Parla da grande esperto di opera.
"Parlo, ma in realtà non sono da annoverare fra gli esperti. È un terreno che
sto esplorando adesso ma con grande felicità perché scopro di continuo cose
nuove. Mi piacerebbe che altri, come me, scoprissero quest'avventura in un mondo
che, pur antichissimo, ci risulta nuovo. Ho scoperto poco tempo fa la trama di
Rigoletto, è un intreccio micidiale, si arriva a un quartetto in cui ci sono due
diverse storie che s'intrecciano, cantate contemporanamente... Magnifico.
Interessantissimo, anche dal punto di vista narrativo".
Si è
appassionato. "Sì, perché è una bella impresa convincere le persone
di una cosa, di un'avventura che vale la pena intraprendere. Poi c'è un valore
aggiunto, ossia che nel novanta per cento dei casi parliamo di creazioni
italiane. L'opera è nata in Italia, la maggiorparte dei compositori d'opera sono
italiani. Si fa un gran parlare dell'eccellenza italiana e l'opera lo è, siamo
noti in tutto il mondo per le opere. Lei sa perché Condoleezza Rice, l'ex
segretario di Stato americano, si chiama così? Perché il padre era un grande
appassionato d'opera e voleva chiamare sua figlia 'Con dolcezza', che è una di
quelle indicazioni che vengono date dai compositori, come 'forte', 'fortissimo',
'adagio'... Poi, si sa, gli americani non vanno forte con la lingua e ci ha
messo quache lettera in più e in meno...".
Il melodramma nasce
come genere super popolare, ma oggi non è più così, soprattutto fra i giovani.
"Da anni mi arrovello su questo: perché i ragazzi non si innamorano subito di
una cosa così bella? Perché non c'è martellamento. Oggi, quando spunta una cosa
nuova, inizia il martellamento dei media e uno dice 'andiamo a vedere'. Questo
per le opere non accade. Ma c'è anche il fatto, ed è una mia idea ma secondo me
ci ho azzeccato, che non si capisce quando i cantanti cantano. Bisogna
impegnarsi per far capire che le storie raccontate nelle opere sono
interessantissime, coinvolgenti, fanno piangere, ridere, hanno una complessità,
un intreccio che oggi è difficile trovare se non in qualche grande film".

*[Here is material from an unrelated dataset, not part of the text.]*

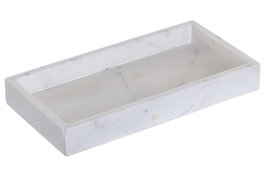 DKD Home Decor Bandeja de Mármol Blanco 30,5x15,5x3,8 cm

E una bella musica. "Di livello altissimo. Con tanti
altri, come me innamorati della musica, condivido la preoccupazione per il
livello attualmente bassissimo della musica. Non solo in Italia. C'è una crisi
creativa mondiale, basterebbe semplicemente aprire il forziere delle grandi
opere per trovare musica di una qualità, di una bellezza e complessità che oggi
ce la sognamo. E infatti cinema e tv spesso hanno saccheggiato dall'opera. Basta
pensare a Una lacrima sul viso e a Una furtiva lacrima: l'esempio fa sorridere
ma in entrambi i brani il cantante, da una lacrima che appare sul volto di una
donna, si rende conto che quella donna è innamorata".
In questa
esplorazione ha scoperto di preferire qualcuno ad altri? "Data la
mia natura, preferisco quelli che mi fanno ridere. Su tutti Mozart, che era una
specie di rockettaro, e Rossini. Rossini diceva che il modo migliore per
scrivere una ouverture è ridursi all'ultimo giorno prima del debutto perché in
quel modo, sotto pressione, liberi tutta la tua energia creativa. Alla fine quei
compositori, che vediamo ritratti nei quadri o nelle statue come se non fossero
esseri umani, in realtà hanno composto le loro opere come un autore, oggi,
compone le sue canzoni, con lo stesso scopo: arrivare al pubblico. Sono così
grandi perché si erano posti l'obiettivo di parlare ai loro contemporanei ma
riescono ancora a parlare a noi, oggi. Senza dubbio, per chi ha voglia, per chi
è stufo di ascoltare quel che si ascolta, vale la pena buttarsi alla scoperta
dell'opera, come se fosse un mondo inesplorato".